Soldiers’ Memorial Tablet
Location: In Town Hall, 525 Canton Avenue, Milton
Coordinates: 42°15’14.3″N 71°04’46.6″W
Date dedicated: Unknown, possibly May 1879
Carver/Manufacturer: Unknown

According to an early publication by the Milton Historical Society, 287 men from Milton served in the war. The first volunteer was Algernon S. Badger who served with the 6th Massachusetts, a unit well known for taking the first battle casualties of the war during the Baltimore Riot on April 19, 1861.[1]

The memorial tablet was created for Milton’s old Town Hall, built in 1878 and dedicated in 1879. It adorned the exterior vestibule of the imposing brick structure, accessed via a wide brownstone arch. The tablet was blank when the building was dedicated. Apparently the names had been engraved by Memorial Day 1879 though it is unclear if there was any separate dedication observance for the tablet itself. When the present Town Hall was built directly behind the old in 1970, the tablet was transferred to the new lobby before the old building was demolished in 1971. The inscription reads, “The Town of Milton has erected this tablet in memory of her citizen soldiers who died in defence [sic] of the Republic.” It lists 25 men who died in the war.

Lt. Huntington F. Wolcott

Among these is Lt. Huntington F. Wolcott, for whom the local Grand Army of the Republic Post No. 102 was named. As the honor would suggest, Lt. Wolcott was particularly admired among his comrades and deeply mourned among his family, friends and the community at large. He enlisted at age 18 in October 1864 and was assigned to the 2nd Massachusetts Calvary, serving in the Shenandoah Valley. Later he was transferred to the staff of Major General Alfred Gibbs. A lengthy passage of glowing praise for Lt. Wolcott’s service is included in Albert Teele’s The History of Milton, Mass.[2] Wolcott survived severe combat, particularly during the closing phase of the Siege of Petersburg. He survived to participate in the Grand Review of the Armies in Washington weeks after the war’s end. Sadly, when he returned home to Milton, he was laid low with malarial fever contracted while in service and died at home on June 9, 1865.

Civil War Monument
Location: In front of Town Hall, 525 Canton Avenue, Milton
Coordinates: 42°15’12.9″N 71°04’47.1″W
Date dedicated: October 7, 1934
Architect/contractor/sculptor: Thomas F. McGann Company, bronze work

In 1934, town meeting unanimously voted to appoint a committee to arrange for the creation of an exterior Civil War monument. During public committee meetings there was apparently some disagreement over the design concept for the monument. The existing design was approved by a majority vote of the local Art Commission. The boulder was obtained from the Blue Hills Reservation, a gift of the Metropolitan District Commission. The eagle was cast by the T. F. McGann & Co. of Boston. It was dedicated on October 7, 1934. James Byrnes, the town’s last surviving Civil War veteran, attended the ceremonies and conducted the GAR dedication ritual.[3]

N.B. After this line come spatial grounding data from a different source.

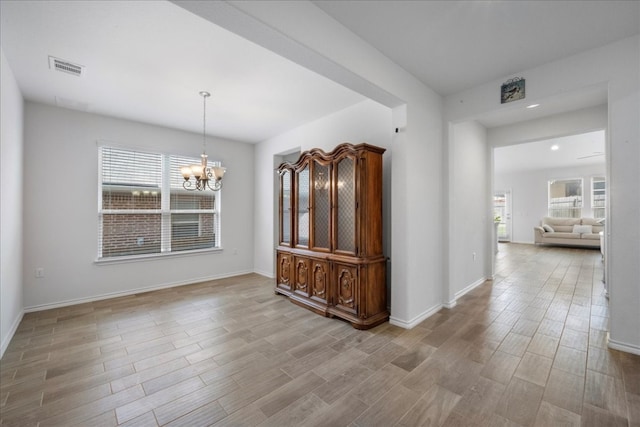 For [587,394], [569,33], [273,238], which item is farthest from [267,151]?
[587,394]

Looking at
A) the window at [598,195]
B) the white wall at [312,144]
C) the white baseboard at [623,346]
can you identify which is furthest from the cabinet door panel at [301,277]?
the window at [598,195]

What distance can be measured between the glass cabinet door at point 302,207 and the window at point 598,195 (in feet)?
34.3

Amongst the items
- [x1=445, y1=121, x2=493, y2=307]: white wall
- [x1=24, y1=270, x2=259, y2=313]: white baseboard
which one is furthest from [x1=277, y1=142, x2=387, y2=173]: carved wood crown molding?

Byrnes was 18 years old when he enlisted with the 62nd Massachusetts Infantry in April 1865. The regiment was still training at Readville when the war ended. Although he did not see combat, Private Byrnes signed up as soon as he was legally able, enrolling in time to become a member of the last infantry regiment formed in Massachusetts during the war. He was 87 at the time of the dedication.

The monument’s inscription reads, “In grateful memory of our citizens who served in the Civil War, 1861-1865.”

[1] Milton Historical Society, The Milton catechism; an outline of the history of Milton, Massachusetts (Milton: Milton Historical Society, 1910), 46-47.

[2] Albert Kendall Teele, The History of Milton, Mass, 1640 – 1877 (Boston: Press of Rockwell and Churchill, 1887), 454-455.

[3] “Report of the Civil War Memorial Committee,” Town of Milton 98th Annual Report, 1934 (Melrose: Melrose Free Press, 1935), 117.